## TASK ITEM
Nothing outside the stretch is wanted. Repeat exactly the lines of the listing below from the one that contains "寒蝉原创全集,寒蝉完整版原唱" through the one that contains "Gambar ikan koi", both ends included.

(INPUT RECORDS)

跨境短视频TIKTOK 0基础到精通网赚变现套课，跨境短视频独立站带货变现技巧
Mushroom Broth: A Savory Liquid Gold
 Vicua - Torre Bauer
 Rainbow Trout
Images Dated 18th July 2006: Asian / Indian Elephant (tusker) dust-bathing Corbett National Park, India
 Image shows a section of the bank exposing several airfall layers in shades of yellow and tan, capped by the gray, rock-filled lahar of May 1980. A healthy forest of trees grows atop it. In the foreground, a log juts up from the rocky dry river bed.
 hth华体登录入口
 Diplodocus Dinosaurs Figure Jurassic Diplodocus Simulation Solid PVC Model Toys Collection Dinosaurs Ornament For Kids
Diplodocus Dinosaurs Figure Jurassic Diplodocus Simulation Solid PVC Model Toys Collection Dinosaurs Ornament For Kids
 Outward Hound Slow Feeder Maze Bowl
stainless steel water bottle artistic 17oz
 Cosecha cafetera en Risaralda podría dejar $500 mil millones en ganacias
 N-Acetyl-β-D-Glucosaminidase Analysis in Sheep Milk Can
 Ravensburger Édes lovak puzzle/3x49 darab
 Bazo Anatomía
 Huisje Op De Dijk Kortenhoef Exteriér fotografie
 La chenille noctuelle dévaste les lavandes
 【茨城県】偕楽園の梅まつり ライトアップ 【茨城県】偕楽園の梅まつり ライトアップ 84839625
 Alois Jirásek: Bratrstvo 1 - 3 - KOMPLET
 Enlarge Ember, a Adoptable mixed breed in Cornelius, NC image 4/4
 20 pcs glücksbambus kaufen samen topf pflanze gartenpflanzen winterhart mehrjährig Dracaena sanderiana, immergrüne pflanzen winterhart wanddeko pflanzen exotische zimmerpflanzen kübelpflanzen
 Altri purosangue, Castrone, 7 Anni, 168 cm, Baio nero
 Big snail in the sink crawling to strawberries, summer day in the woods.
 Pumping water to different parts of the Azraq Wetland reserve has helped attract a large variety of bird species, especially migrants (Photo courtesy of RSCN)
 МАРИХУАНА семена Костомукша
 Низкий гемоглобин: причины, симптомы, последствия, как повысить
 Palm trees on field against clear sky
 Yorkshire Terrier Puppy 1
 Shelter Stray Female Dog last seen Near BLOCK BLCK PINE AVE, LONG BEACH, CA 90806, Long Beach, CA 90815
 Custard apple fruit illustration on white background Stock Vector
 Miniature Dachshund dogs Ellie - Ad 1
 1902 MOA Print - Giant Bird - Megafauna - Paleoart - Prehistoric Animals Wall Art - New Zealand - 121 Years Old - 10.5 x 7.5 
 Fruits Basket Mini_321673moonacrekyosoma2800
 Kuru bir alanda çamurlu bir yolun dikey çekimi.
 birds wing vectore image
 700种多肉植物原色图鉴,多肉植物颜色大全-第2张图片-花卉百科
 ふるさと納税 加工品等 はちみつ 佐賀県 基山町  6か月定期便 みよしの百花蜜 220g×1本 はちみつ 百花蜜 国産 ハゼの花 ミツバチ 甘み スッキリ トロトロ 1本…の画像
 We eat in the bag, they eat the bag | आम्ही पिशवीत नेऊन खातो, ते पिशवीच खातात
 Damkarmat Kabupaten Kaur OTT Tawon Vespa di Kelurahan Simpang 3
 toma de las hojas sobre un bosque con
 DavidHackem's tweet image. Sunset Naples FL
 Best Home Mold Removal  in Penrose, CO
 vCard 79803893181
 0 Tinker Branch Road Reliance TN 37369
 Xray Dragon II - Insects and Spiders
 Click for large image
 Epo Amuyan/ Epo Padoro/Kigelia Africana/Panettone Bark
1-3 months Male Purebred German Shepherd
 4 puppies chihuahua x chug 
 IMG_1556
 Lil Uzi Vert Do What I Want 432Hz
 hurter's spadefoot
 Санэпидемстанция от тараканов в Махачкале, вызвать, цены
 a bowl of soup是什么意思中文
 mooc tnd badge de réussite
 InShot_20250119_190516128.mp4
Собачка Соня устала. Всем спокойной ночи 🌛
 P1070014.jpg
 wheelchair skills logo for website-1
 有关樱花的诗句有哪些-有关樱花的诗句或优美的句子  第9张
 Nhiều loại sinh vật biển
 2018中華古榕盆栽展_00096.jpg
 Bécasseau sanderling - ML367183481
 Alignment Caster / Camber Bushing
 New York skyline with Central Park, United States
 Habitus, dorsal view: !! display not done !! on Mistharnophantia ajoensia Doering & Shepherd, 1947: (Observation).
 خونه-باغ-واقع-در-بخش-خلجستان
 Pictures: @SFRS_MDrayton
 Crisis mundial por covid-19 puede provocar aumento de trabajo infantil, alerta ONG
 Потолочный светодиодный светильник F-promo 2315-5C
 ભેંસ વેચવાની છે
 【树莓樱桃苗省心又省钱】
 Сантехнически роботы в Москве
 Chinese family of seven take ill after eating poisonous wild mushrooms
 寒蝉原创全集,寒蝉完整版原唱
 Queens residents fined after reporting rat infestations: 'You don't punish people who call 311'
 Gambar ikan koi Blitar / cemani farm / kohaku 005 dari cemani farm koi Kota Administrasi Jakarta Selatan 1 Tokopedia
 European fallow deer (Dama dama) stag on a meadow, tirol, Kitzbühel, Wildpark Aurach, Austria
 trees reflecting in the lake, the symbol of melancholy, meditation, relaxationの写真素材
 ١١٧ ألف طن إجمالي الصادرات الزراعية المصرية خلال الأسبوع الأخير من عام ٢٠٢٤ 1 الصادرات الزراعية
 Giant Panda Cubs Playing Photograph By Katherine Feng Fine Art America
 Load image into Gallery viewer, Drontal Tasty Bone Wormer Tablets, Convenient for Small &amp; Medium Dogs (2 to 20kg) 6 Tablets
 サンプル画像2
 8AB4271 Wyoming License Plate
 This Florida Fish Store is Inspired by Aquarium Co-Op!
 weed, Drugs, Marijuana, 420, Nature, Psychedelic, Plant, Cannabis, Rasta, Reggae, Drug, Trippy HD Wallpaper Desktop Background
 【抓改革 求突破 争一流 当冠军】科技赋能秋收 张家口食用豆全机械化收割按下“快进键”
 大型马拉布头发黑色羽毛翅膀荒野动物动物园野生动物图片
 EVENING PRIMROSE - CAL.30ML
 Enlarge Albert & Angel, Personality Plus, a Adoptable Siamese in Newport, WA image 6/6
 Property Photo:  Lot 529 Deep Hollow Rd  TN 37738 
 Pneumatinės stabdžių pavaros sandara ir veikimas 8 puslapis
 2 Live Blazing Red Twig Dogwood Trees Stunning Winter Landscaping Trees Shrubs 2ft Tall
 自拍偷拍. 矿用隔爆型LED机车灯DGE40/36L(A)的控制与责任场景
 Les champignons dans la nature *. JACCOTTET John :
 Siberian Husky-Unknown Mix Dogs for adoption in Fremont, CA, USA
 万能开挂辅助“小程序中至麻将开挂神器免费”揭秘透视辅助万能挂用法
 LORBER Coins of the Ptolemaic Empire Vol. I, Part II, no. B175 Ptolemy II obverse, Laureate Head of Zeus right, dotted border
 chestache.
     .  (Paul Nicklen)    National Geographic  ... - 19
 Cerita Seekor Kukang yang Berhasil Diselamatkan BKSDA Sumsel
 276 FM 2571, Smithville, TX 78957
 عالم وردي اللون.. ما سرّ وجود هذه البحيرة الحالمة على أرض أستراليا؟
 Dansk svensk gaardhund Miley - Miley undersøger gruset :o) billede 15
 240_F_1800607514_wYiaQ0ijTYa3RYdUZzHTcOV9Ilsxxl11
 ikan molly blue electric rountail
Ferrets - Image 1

(End INPUT RECORDS)

## EXERCISE RESPONSE
 寒蝉原创全集,寒蝉完整版原唱
 Queens residents fined after reporting rat infestations: 'You don't punish people who call 311'
 Gambar ikan koi Blitar / cemani farm / kohaku 005 dari cemani farm koi Kota Administrasi Jakarta Selatan 1 Tokopedia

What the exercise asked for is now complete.